Los cafés madrileños, por ceñirnos a una ciudad, fueron auténticas instituciones. Por supuesto, un café de aquellos (casos de los clásicos de la calle de Alcalá, como el Suizo o Fornos) era mucho más que una cafetería. Era un lugar de tertulia, sí, pero también un restaurante: se comía en los cafés. Y no precisamente sándwiches, ni esa aberración conocida por "plato combinado".

Había ofertas de categoría, como los riñones al Jerez o diversas versiones del bistec, entre ellas, claro, el bistec Fornos, cortado del solomillo, hecho a la parrilla, servido sobre una rebanada de pan frito, coronado por una loncha de jamón frito y otra de lengua escarlata, un poco de salsa Colbert y escoltado por patatas soufflé.

Y el pepito de ternera. Este madrileñísimo bocadillo nació por los "felices veinte" en uno de esos cafés de la calle de Alcalá. El cocinero y cocinólogo Teodoro Bardají situó su cuna en el Fornos. Puede ser. Antes que él, Julio Camba lo mencionó, sin especificar origen, en La casa de Lúculo.
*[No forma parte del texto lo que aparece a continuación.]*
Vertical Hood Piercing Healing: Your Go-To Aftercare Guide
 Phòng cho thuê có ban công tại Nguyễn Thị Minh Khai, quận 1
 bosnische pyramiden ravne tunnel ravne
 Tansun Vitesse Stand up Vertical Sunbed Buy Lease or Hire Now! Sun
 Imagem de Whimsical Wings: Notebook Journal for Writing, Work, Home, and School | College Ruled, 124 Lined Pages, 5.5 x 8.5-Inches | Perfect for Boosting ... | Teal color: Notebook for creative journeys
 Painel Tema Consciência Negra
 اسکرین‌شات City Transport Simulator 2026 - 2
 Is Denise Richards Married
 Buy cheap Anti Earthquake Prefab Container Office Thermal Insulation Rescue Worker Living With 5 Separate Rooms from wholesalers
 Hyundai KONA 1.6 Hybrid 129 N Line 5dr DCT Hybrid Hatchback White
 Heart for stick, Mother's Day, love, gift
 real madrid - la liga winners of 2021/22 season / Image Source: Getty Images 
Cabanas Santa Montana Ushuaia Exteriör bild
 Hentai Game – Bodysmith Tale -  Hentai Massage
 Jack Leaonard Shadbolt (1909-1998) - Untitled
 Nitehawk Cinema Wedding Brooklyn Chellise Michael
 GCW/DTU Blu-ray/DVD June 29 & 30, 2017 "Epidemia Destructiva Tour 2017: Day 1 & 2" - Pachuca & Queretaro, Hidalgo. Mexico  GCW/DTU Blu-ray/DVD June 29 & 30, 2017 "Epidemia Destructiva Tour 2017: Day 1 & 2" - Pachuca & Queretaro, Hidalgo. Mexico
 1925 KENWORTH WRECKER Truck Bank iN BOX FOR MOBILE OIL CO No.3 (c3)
Hoy quizá no sea el bocadillo más popular en los Madriles, honor que seguramente corresponde al castizo bocata de calamares, pero es, sin duda, la mejor herencia de aquellos viejos cafés, cuyo espíritu pervive en lugares muy contados: el Gijón, amenazado de muerte cuando debería ser, como es el Harry's Bar veneciano, declarado bien de interés cultural; el Central, el Comercial...

Un pepito no es más que un bocadillo cuyo protagonista es un bistec. Por supuesto, se puede historiar más, pero yo lo prefiero en toda su sencillez, en toda su pureza: un buen pan, un filete tierno y sabroso, perfectamente limpio de nervios y grasas, fácil de comer.

He disfrutado de pepitos maravillosos; siempre pongo como ejemplo los que preparaban (no sé si lo seguirán haciendo) en el Parador Nacional de Villafranca del Bierzo, donde hacía escala con esa exclusiva finalidad (tomarme un pepito) en mis viajes de Madrid a La Coruña.

Bien es verdad que también he sufrido pepitos horrorosos, de ésos que, al morder, se viene detrás todo el filete... No me ha sucedido allí, desde luego; ni en mi escala de carretera favorita, el Landa burgalés.

En Madrid, decimos, los cafés fueron instituciones. Y en París también, aunque esa función de dar de comer la compartan con las "brasseries", vocablo que induce al error, ya que "brasserie" significa cervecería, y lugares como Lip o Flo no lo son: son cafés-restaurantes donde se come muy bien.

Y quedan cafés ilustrísimos, como el Café de la Paix, en el 12 del Boulevard des Capucines, junto a la Ópera Garnier.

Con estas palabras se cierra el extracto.